New amendments to the Environment Bill announced by the UK Government include strengthening the duty to set a legally-binding target to halt species decline by 2030.
Between 1932 and 1984, we lost 97% of our species-rich grassland, five species of butterfly have disappeared from England in the last 150 years, and indicators showing the state of birds dependent on farmland stand at less than half their value compared to 1970.
According to the government, this new amendment reflects the Prime Minister’s pledges on the international stage during the UK’s leadership of this year’s G7 summit, with the G7 committing to halt and reverse the loss of biodiversity by 2030, as well as signing up to the global ‘30×30’ initiative to conserve or protect at least 30 per cent of the world’s land and at least 30 per cent of the world’s ocean by 2030.
New measures is also set to tackle storm overflows through a new requirement for water companies to monitor the water quality impacts of their sewage discharges and publish this information.
This monitoring is also set to ‘drive action by water companies to reduce sewage discharges that do the most harm to better protect the environment and public health.’
Water companies will also be required to publish near real-time information on when their storm overflows operate.
According to the UK Government, the amendments will:
- Strengthen the legal language of the new target to ‘halt the decline in species abundance by 2030.’
- Place duties on water companies to monitor the water quality impact of their sewage discharges and to publish this data, as well as a duty to provide near real-time information on when storm overflows operate
- Introduce a duty to require the Government to publish a report considering the costs and benefits of eliminating overflows entirely, which will inform Government decision-making in this area.
- Separately, the Government will undertake a review of legislation which would require Sustainable Drainage Systems to be constructed to ministerial standards on new developments, which would reduce the pressure on the sewage system. According to the UK Government, this type of “blue-green” infrastructure can deliver a number of benefits from preventing water entering foul sewers, reducing surface flooding to improving biodiversity and improving associated carbon emissions.
- Bring in a further safeguard for the independence of the new Office for Environmental Protection (OEP) by requiring greater parliamentary scrutiny of any guidance issued to the OEP.

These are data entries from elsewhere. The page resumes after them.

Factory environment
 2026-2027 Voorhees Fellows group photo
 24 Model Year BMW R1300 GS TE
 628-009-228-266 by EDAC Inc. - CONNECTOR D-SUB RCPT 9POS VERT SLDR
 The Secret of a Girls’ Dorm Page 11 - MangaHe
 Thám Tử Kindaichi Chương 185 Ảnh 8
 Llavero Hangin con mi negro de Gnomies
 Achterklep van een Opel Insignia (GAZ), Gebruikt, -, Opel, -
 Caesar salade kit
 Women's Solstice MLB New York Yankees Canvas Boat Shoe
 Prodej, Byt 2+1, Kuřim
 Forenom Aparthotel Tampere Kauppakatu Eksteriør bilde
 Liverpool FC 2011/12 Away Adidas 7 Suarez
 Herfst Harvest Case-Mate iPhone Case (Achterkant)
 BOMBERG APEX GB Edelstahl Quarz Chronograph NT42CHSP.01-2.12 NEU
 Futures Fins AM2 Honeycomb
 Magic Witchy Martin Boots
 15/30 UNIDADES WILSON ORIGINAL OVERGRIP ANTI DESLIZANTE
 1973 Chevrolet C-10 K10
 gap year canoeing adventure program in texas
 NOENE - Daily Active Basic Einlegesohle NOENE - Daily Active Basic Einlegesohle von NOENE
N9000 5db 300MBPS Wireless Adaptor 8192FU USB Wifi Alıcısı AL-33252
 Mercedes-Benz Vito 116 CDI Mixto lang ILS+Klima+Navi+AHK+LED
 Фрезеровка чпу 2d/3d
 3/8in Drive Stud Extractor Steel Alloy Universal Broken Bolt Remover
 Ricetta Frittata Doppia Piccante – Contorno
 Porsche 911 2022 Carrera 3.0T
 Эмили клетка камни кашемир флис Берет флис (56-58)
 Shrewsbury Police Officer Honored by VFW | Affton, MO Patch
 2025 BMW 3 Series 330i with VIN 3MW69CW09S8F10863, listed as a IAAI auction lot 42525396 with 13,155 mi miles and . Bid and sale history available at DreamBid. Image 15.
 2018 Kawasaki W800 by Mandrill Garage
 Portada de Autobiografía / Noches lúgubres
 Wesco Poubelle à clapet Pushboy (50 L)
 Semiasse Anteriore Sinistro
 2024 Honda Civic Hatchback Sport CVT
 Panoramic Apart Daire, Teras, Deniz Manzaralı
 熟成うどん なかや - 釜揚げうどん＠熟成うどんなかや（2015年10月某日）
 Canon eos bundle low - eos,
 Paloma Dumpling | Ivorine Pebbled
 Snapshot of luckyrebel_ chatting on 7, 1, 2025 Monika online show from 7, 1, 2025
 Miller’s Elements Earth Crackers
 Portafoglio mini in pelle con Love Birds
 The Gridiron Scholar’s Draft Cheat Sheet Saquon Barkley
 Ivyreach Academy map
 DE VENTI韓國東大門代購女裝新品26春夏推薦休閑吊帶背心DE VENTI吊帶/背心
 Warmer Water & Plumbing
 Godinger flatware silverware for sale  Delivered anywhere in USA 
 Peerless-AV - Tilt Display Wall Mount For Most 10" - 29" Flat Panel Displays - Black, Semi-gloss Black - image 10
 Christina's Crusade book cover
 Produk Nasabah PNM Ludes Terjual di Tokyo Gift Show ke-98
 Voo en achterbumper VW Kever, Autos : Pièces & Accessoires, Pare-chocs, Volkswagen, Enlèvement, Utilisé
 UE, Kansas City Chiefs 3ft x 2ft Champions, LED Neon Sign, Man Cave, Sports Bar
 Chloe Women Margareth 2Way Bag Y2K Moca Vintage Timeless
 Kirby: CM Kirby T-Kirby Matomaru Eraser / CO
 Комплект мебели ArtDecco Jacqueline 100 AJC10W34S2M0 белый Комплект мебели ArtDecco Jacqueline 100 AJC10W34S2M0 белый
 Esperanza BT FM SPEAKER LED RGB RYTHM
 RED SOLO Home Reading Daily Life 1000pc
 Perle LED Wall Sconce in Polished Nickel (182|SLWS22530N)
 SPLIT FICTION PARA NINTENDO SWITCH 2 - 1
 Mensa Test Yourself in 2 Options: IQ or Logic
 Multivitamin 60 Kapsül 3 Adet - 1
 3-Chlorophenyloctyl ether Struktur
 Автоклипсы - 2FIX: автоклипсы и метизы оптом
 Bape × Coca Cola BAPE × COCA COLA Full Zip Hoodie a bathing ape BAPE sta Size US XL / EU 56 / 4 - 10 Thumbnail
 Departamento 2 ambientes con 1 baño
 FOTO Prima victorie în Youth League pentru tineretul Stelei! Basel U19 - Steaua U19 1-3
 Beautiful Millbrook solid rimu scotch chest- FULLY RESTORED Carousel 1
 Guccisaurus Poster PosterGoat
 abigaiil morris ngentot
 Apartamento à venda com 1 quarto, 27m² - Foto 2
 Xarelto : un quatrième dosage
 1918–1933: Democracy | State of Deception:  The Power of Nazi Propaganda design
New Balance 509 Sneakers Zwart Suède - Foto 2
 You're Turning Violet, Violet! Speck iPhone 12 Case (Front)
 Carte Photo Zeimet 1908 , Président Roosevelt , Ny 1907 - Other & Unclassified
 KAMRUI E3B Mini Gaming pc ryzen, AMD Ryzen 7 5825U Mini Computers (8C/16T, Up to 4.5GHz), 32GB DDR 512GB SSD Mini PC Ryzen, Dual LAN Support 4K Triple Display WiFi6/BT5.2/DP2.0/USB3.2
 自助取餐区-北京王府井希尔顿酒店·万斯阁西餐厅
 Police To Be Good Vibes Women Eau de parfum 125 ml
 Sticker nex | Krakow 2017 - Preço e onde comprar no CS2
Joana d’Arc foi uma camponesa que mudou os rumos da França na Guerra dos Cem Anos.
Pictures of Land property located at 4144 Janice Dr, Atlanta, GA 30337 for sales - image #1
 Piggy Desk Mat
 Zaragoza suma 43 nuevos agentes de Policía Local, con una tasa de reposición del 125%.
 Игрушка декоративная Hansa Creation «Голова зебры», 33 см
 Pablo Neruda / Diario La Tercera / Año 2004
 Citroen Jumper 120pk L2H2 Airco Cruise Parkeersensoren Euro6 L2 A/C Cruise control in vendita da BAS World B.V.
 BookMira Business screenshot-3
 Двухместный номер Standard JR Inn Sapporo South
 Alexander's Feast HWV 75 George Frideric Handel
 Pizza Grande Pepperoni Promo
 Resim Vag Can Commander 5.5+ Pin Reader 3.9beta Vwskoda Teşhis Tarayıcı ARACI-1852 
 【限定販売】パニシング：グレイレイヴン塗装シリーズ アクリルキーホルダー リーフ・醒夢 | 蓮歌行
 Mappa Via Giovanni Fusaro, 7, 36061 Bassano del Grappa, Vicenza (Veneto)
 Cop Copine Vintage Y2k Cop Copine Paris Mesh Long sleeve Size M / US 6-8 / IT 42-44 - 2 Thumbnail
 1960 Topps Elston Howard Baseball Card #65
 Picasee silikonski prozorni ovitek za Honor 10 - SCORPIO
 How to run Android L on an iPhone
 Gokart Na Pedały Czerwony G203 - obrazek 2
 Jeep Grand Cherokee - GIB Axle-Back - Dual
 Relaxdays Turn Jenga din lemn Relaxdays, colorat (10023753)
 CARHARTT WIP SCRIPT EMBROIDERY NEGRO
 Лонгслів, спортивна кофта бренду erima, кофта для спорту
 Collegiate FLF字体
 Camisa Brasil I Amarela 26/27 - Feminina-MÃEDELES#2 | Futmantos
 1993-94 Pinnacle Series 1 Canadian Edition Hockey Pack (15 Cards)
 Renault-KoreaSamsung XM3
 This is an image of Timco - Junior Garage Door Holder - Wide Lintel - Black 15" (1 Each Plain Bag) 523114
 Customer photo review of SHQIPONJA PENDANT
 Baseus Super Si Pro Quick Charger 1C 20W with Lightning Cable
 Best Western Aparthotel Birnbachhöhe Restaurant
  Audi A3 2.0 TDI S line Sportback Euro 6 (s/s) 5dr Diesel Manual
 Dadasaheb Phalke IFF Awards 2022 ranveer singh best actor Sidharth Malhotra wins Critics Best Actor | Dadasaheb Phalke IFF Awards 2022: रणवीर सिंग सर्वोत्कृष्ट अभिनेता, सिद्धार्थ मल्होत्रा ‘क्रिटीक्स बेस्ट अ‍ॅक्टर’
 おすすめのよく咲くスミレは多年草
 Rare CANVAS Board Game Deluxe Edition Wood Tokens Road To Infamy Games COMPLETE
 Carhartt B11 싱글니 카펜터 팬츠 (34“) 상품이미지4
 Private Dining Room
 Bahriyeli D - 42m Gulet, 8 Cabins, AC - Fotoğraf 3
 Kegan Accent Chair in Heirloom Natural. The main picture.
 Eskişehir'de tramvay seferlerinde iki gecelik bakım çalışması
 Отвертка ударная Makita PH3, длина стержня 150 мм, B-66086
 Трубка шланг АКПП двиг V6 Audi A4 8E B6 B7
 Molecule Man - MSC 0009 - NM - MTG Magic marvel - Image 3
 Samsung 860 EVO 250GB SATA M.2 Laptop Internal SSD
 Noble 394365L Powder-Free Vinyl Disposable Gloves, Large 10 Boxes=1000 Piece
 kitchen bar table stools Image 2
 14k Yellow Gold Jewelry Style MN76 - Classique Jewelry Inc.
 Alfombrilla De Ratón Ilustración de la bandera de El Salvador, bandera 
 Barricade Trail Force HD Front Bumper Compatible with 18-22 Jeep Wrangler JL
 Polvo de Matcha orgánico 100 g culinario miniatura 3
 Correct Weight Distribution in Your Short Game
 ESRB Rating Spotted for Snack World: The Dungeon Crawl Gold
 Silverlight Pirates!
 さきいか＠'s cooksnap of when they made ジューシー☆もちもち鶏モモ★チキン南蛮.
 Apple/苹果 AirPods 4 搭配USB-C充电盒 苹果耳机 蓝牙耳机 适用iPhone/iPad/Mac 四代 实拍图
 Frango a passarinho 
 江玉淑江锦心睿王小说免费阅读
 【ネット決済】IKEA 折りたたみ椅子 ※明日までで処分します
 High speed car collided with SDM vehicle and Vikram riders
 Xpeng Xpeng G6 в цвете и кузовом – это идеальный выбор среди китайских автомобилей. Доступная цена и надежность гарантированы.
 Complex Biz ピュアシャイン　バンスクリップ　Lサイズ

- Introduce Statutory guidance for local planning authorities to explain how they should take into account new Local Nature Recovery Strategies, to embed strategies for the environment and nature’s recovery into their planning systems.
- Create a duty and power to allow the Secretary of State to review, and increase if appropriate, the minimum duration for which new biodiversity gain sites must be secured. This will allow this important aspect of the policy to be reviewed after Government has evaluated the early years of mandatory biodiversity net gain practice, to understand how developers can make a positive impact on nature from their work
- Bring in additional technical amendments to ‘support swifter and more effective implementation of Extended Producer Responsibility measures’, which will allow for future schemes to appoint scheme administrators through regulations. Extended Producer Responsibility schemes mean companies will be expected to cover the full cost of recycling and disposing of their packaging, and through the fees they pay they will be incentivised to use packaging that can be recycled and meet higher recycling targets.
- Accept all the recommendations of the House of Lords Delegated Powers and Regulatory Reform Committee (DPRRC), which will ensure ‘appropriate scrutiny of those provisions by parliament.’
The full amendments are available on the UK Parliament website.